[Saved data entries]
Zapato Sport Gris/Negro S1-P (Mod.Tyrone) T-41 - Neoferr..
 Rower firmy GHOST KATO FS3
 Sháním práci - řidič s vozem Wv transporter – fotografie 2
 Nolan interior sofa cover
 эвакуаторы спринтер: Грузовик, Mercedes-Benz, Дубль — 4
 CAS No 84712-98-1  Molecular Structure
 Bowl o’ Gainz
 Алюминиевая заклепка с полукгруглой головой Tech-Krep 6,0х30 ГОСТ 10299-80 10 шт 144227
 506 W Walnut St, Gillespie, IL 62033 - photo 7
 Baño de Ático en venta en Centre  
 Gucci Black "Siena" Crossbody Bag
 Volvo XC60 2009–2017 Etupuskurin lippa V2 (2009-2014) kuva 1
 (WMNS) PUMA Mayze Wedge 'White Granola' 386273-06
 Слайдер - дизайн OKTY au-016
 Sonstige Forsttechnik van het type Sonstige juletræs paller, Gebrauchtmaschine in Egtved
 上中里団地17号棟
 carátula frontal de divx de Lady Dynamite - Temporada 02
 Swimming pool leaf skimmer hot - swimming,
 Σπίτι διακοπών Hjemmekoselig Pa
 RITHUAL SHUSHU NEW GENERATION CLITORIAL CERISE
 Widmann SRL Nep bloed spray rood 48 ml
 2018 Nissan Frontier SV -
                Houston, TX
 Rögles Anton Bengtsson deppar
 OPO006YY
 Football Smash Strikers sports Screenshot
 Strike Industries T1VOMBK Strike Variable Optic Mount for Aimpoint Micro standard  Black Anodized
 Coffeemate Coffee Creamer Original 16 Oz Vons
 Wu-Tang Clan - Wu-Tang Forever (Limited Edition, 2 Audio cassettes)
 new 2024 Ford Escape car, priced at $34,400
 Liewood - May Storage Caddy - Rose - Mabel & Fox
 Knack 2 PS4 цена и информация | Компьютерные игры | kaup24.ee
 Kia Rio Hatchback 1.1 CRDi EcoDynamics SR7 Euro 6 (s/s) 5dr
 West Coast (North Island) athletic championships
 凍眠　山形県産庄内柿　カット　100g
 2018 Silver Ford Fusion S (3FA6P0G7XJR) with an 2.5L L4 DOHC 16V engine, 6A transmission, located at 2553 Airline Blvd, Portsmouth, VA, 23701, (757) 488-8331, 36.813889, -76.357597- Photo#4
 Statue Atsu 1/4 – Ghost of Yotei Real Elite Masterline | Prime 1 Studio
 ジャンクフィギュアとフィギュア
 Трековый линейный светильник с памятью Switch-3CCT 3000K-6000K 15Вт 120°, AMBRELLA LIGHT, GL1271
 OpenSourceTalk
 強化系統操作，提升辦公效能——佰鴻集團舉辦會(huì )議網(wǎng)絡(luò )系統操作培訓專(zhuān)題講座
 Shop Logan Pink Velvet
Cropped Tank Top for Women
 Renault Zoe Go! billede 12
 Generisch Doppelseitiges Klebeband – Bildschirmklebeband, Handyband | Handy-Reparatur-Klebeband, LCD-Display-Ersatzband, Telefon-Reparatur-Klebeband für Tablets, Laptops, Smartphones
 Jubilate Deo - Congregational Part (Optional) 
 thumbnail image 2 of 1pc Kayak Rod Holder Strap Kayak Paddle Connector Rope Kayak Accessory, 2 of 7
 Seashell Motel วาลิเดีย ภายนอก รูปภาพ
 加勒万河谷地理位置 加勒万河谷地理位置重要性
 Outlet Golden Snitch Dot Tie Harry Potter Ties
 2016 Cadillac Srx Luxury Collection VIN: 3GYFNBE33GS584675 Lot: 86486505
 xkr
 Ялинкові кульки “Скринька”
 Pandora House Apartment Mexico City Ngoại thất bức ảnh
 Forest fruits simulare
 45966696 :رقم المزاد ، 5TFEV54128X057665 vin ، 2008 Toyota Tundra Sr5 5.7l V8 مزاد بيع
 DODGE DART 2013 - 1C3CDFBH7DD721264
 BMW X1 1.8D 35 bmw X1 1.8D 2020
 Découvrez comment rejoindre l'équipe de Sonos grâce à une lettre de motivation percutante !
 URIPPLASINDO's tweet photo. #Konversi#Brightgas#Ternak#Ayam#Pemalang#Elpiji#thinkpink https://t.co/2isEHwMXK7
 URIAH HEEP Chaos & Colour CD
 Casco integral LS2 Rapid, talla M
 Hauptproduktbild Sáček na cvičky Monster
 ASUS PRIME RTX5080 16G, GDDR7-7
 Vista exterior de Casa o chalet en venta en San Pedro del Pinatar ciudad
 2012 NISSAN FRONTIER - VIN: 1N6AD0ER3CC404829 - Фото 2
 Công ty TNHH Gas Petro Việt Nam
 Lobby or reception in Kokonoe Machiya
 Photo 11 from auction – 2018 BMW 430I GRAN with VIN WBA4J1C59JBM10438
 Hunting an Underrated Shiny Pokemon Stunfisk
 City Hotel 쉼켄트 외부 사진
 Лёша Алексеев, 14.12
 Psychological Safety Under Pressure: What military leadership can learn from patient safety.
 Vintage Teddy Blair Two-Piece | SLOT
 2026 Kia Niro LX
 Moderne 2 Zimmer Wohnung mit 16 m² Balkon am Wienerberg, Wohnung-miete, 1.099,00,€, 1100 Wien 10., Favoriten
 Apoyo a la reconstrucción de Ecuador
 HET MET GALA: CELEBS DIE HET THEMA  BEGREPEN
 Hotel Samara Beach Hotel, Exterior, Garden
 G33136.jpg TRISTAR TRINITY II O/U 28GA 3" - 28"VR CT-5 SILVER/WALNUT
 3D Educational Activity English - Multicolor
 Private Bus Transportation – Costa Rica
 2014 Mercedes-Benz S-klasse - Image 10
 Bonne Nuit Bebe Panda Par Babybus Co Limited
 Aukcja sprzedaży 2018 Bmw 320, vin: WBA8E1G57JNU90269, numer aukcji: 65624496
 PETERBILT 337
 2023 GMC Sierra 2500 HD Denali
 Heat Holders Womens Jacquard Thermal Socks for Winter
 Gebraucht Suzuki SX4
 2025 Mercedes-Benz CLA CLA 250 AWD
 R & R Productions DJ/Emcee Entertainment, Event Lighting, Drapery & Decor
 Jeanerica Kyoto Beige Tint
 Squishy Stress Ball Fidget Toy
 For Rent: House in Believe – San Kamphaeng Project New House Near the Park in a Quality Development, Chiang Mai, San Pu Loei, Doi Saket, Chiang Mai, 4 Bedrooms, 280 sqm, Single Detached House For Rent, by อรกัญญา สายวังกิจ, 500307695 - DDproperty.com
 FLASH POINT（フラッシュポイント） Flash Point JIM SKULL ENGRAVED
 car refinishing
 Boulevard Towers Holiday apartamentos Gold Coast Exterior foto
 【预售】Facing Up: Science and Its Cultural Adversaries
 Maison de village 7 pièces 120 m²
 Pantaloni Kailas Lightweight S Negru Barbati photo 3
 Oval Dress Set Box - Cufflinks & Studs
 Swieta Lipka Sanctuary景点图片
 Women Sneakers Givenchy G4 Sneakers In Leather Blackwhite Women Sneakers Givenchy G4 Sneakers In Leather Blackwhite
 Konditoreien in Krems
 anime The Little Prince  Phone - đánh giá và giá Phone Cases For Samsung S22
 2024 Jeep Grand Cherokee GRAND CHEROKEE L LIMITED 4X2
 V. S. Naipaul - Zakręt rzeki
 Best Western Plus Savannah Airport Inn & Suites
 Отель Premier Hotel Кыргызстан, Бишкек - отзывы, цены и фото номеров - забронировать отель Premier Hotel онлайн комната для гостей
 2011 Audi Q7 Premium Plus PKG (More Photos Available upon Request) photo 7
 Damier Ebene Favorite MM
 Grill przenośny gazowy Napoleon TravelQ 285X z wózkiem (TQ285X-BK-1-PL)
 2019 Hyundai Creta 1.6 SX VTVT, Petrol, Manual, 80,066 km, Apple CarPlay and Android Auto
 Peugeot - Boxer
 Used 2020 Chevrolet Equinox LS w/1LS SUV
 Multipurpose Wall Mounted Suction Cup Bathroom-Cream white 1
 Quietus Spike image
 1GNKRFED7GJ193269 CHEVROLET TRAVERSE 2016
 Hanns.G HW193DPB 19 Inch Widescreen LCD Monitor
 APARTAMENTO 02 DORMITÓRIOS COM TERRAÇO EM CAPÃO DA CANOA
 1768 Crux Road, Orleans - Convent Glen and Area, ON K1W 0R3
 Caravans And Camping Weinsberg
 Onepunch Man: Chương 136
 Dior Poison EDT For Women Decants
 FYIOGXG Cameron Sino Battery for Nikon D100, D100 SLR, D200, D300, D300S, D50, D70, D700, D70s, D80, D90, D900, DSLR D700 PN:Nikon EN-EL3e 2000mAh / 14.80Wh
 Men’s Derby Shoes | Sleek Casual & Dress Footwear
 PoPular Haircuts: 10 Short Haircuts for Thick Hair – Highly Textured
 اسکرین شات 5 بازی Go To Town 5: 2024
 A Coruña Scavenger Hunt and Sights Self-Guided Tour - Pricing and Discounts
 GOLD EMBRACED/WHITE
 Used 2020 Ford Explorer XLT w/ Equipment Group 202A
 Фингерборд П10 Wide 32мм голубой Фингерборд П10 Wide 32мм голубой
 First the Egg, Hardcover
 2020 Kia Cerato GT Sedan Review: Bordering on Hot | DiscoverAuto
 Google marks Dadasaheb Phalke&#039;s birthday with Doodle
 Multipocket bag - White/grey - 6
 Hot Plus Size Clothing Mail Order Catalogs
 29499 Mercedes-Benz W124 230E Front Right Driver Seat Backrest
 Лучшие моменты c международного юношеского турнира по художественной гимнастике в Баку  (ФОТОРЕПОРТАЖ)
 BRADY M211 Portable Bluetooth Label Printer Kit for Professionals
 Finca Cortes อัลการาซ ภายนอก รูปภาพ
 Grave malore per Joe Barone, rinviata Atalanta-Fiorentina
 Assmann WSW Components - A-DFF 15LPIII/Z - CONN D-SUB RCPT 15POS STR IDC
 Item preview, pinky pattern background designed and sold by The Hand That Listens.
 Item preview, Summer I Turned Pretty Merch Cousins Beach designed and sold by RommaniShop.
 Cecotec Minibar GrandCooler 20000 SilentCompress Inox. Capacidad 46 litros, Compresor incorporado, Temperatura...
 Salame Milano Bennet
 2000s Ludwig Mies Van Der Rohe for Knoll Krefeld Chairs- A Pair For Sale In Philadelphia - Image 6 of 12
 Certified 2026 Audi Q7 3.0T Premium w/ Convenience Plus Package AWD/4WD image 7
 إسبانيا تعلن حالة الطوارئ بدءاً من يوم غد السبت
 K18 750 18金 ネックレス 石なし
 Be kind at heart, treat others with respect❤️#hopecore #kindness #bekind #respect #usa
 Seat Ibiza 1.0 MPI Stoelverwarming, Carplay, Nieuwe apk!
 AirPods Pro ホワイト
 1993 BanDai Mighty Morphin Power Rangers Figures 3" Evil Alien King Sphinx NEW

What the task asks
There is a line with "Assmann WSW Components" and a line with "2000s Ludwig Mies" above. Copy exactly those two lines and all lines between them, with nothing else.

Response area
 Assmann WSW Components - A-DFF 15LPIII/Z - CONN D-SUB RCPT 15POS STR IDC
 Item preview, pinky pattern background designed and sold by The Hand That Listens.
 Item preview, Summer I Turned Pretty Merch Cousins Beach designed and sold by RommaniShop.
 Cecotec Minibar GrandCooler 20000 SilentCompress Inox. Capacidad 46 litros, Compresor incorporado, Temperatura...
 Salame Milano Bennet
 2000s Ludwig Mies Van Der Rohe for Knoll Krefeld Chairs- A Pair For Sale In Philadelphia - Image 6 of 12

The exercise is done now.